WHAT IS REQUIRED ▸
Leave the pictures in the listing below aside and reproduce exactly the lines starting with the one with "BOWA design build" and going on through the one with "Przepis na kuchnie", both ends included.

RECORDS TO USE ▸

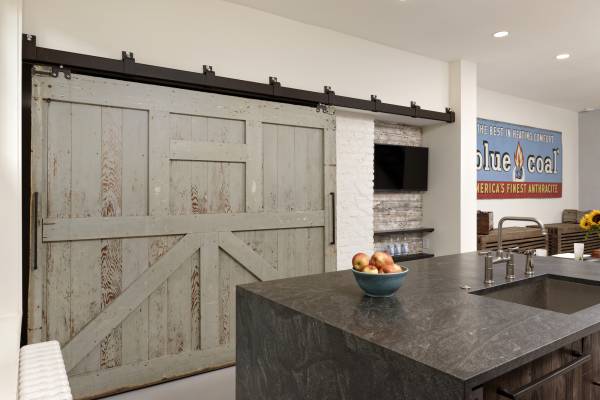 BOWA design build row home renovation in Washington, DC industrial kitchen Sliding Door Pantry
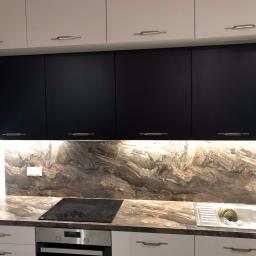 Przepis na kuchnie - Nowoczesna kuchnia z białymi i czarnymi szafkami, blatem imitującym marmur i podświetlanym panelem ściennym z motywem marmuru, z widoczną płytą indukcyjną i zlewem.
--
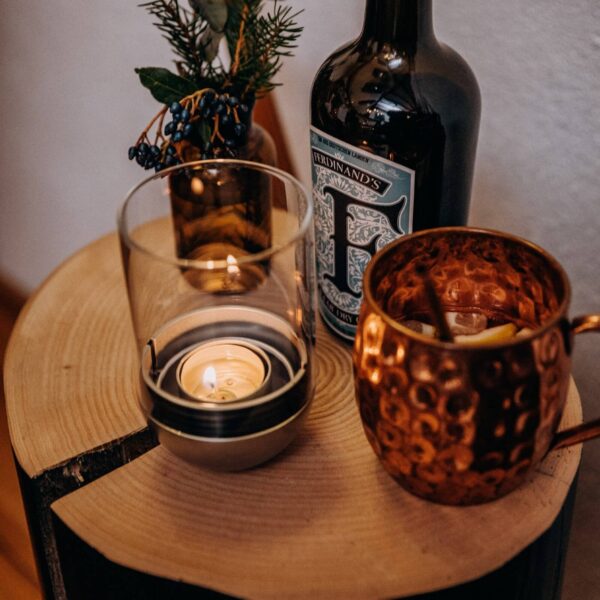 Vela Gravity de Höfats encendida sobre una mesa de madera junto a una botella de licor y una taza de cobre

TASK RESPONSE ▸
 BOWA design build row home renovation in Washington, DC industrial kitchen Sliding Door Pantry
 Przepis na kuchnie - Nowoczesna kuchnia z białymi i czarnymi szafkami, blatem imitującym marmur i podświetlanym panelem ściennym z motywem marmuru, z widoczną płytą indukcyjną i zlewem.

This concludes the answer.